## WHAT YOU SHOULD DO
Reproduce exactly the span of lines beginning at the one with "used 2020 Mercedes-Benz" and ending at the last line of the data below, omitting pictures.

(AVAILABLE DATA begins)

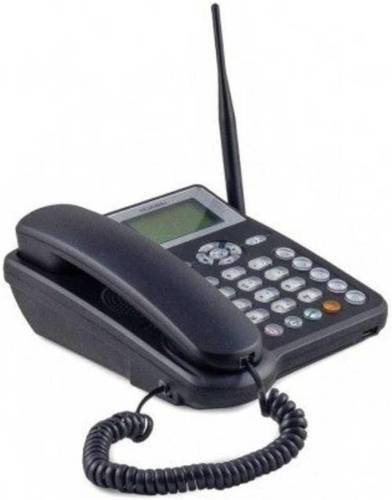 Fixed General Packet Radio Service (Gprs) Phone Body Material: Plastic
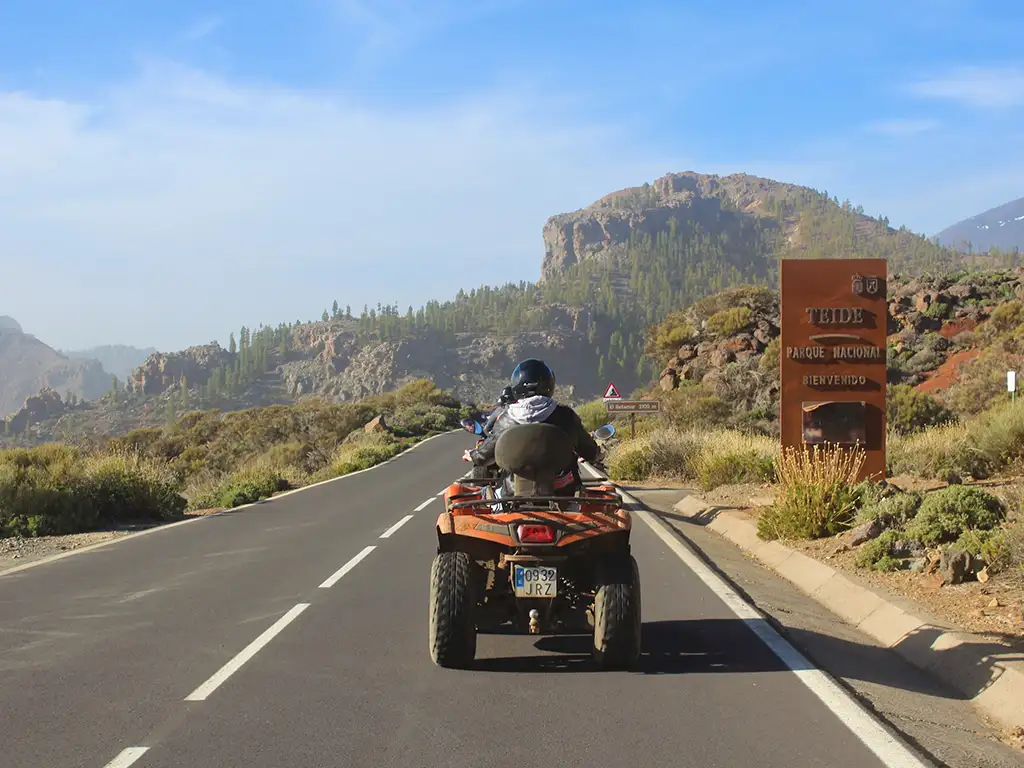 Quad Squad Tenerife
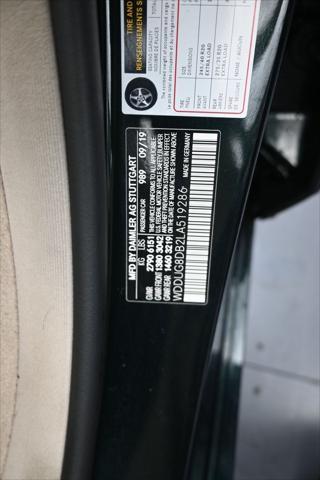 used 2020 Mercedes-Benz S-Class car, priced at $42,999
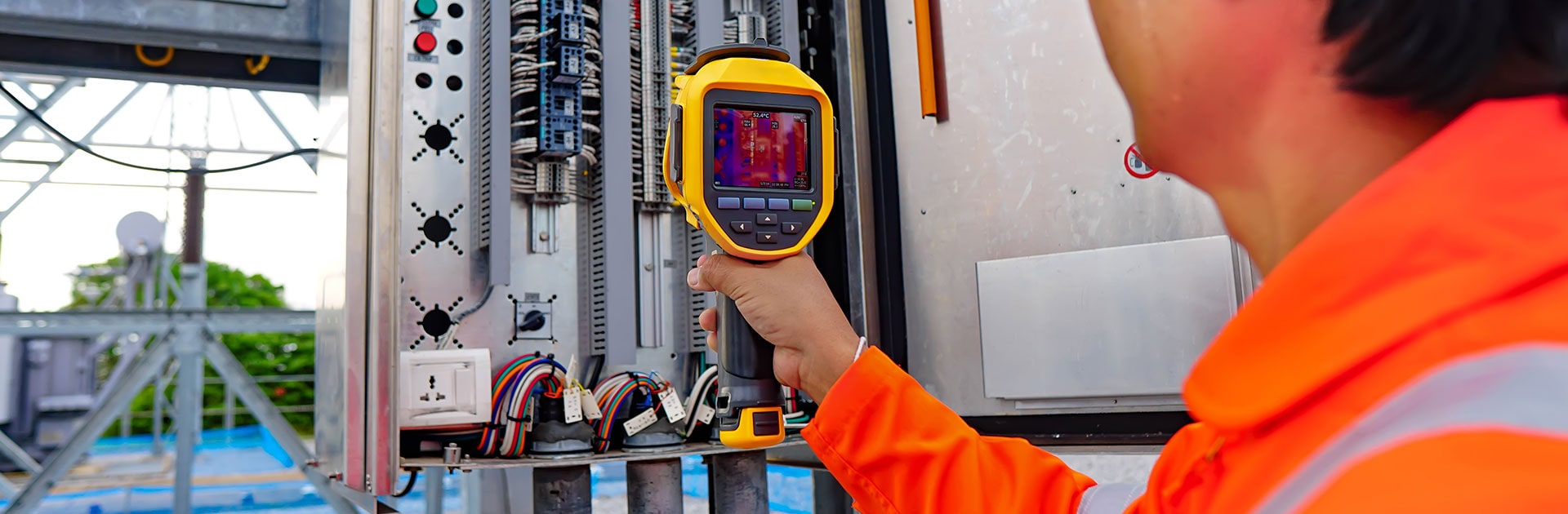 Electrical Infrared Scans in Ellicott City, MD independent testing agency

(AVAILABLE DATA ends)

## FINISHED TASK
 used 2020 Mercedes-Benz S-Class car, priced at $42,999
 Electrical Infrared Scans in Ellicott City, MD independent testing agency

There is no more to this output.